Total Pageviews

Wednesday, June 6, 2018

Basketball and Other Examples of Evidence-Based Coaching



"Tradition." Much of what we do follows tradition. Separating facts and opinion demands data, egoless interpretation, and time to wound all heels. 

Seven words have wrought much chaos and destruction. "This time it's different," and "in my experience." Both reflect cognitive bias; that informs overconfidence or arrogance. We can restrain the voice inside yapping, "I always know best." We all have ego; but is ego our master or do we master our ego? 

Sometimes conventional wisdom bites us in the backside. In 2005, the Federal Reserve Chairman announced, "I guess I don't buy your premise. It's a pretty unlikely possibility. We've never had a decline in house prices on a nationwide basis. So what I think is more likely is that house prices will slow, maybe stabilize: might slow consumption spending a bit. I don't think it's going to drive the economy too far from its full employment path, though." 


Chart from The Economist

That prophecy went horribly wrong, in part triggering the global financial crisis. Easy credit and experts went off the rails. 

Doctors believed that suppressing rhythm disturbance after heart attacks reduced the risk of death. We knew that.


A pair of studies proved those ideas not only wrong, but harmful. The story is not unique. False Hope describes the acceptance of bone marrow transplantation for breast cancer followed by study showing it ineffective. Many of the brightest minds in cancer treatment were undermined by data. We doctors get it wrong, too. 



Brian McCormick has become the strongest voice for changing the way we practice. He is not alone. Our members are represented. 



"Tape your ankles." Sound advice, except it didn't restrain ankle laxity after forty-five minutes.

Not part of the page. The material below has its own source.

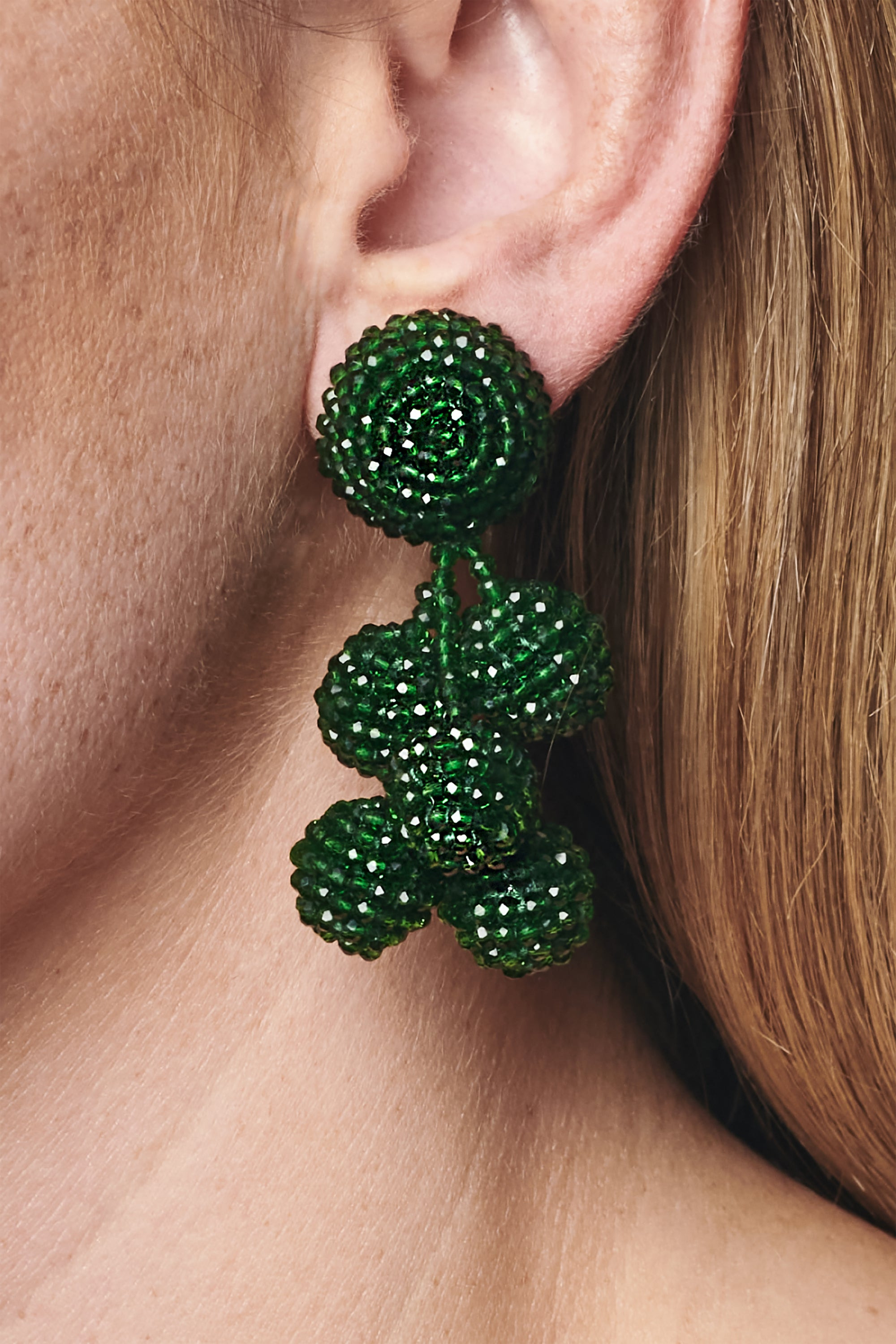 MINI COCONUTS EARRINGS - EMERALD - 2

"See the game." Software developed for the Israeli Air Force helps train hockey and basketball players. The software helped elite athletes improve time and space relationship. Correlation may not prove causation, but "out of 30 National Hockey League draft picks in 2011, 16 had trained with IntelliGym." They now market it to individual subscribers (disclosure: no user experience or financial incentive). Some have likened it to the old 'Asteroids' video game. 

"The fittest survive." UNC Women's soccer coach Anson Dorrance molds elite athletes into national champions using his Competitive Matrix. I think it would be a psychological hammer on younger athletes. I could be wrong. 

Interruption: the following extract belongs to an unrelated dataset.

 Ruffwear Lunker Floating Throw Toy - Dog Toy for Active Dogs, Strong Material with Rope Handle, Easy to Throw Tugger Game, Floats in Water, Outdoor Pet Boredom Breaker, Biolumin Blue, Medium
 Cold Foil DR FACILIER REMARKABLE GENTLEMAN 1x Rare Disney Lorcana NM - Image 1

"Know thyself." What's the right approach to sport psychology? Professionals like Brett Steenbarger or Jason Selk advocate specific programs for self-training. Harvard researcher Amy Cuddy has shown a link between expansiveness of body position and stress hormone responses (salivary cortisol and testosterone). Dr. Roland Carlstedt challenges this empiric approach and offers his Carlstedt protocol as an alternative. 




Dr. Carlstedt argues that anecdotal (however numerous) claims lack scientific rigor. He argues that "placebo effect" accounts for some of the benefit and is a harsh critic of most sport psychology programs. 

"Measure a thousand times but cut only once." - Turkish Proverb   Kentucky coach John Calipari and his staff monitor effort using heart rate measurement. He states, ... "Because we are able to read their heart rates, now we know who is maxing out in practice and who is hiding, who thinks they're going hard and who isn't, who is able to push themselves through pain, and who has mental toughness to be special." Does a monitor make toughness or do tough players validate monitoring.

"Basketball players are the best conditioned athletes." Brazilian researchers studied small sample sizes of soccer and basketball athletes, examining maximal oxygen uptake (a traditional measure of aerobic fitness) and time to exhaustion. In their sample, the soccer players had higher maximal oxygen uptake but the basketball players longer time to exhaustion. It's a descriptive study that doesn't help us. The Cooper 12-minute run test offers a surrogate for expensive cardiopulmonary exercise testing.  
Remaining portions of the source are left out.